He also published a large number of mystical writings both from the Middle Ages and from the French Pietists of the seventeenth century. In 1704 he brought out a new edition of Mme. Guyon's writings, with the addition of a treatise printed for the first time and an introduction. In spite of his devotion to her, he was not a Quietist in the ordinary sense of the word. He would not have man's relation to God one of pure passivity but of receptivity. He repudiated predestination, and condemned Pelagianism because it suppressed the feeling of inherent sinfulness in man - just as he opposed Socinianism because it did not ascribe the whole of salvation to the operation of God's grace. Mystic as he was, he knew how to combine with his own peculiar attitude a firm insistence on certain dogmatic definitions, such as that of the Trinity. He continually appealed to the authority of Scripture.

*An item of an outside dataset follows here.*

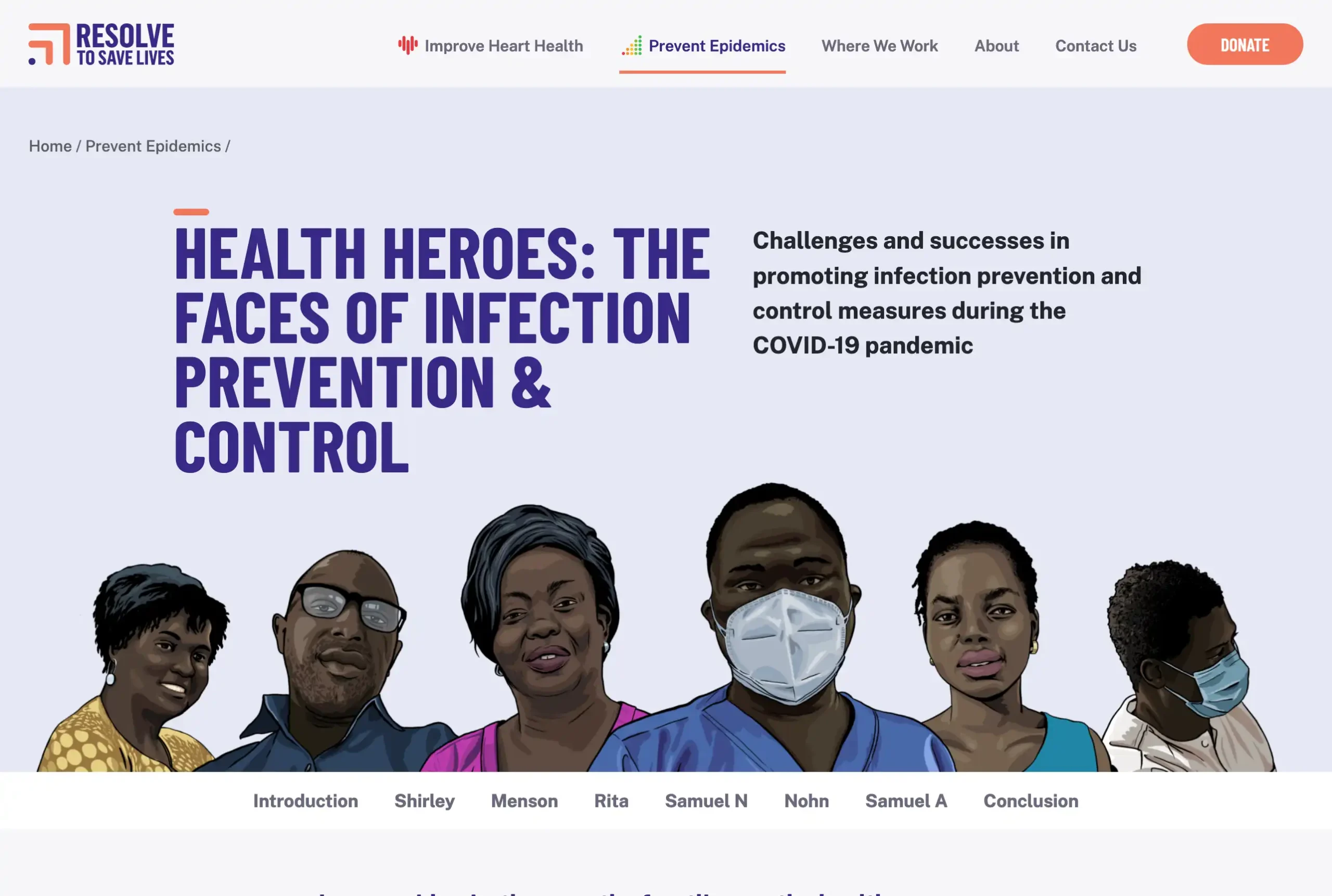 A screenshot of the Health Heroes page, showing illustrated portraits of six health care workers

Though after 1680 he led a quiet and retired life, he was recognized widely by the scholars of his time, such as Thomasius and Bayle, Jean Le Clerc and Walch, as a man of great learning; and his zealous participation in the cause of Antoinette Bourignon did not injure his good name as a devout mystic and an honorable man. His influence persisted after his death, through the work of his spiritual son Tersteegen. It also survived through the respect which his writings won for mysticism, forcing the regular theology, as represented by Le Clerc, Lange, Buddeus, Walch, and Johann Friedrich Stapfer, to take account of it.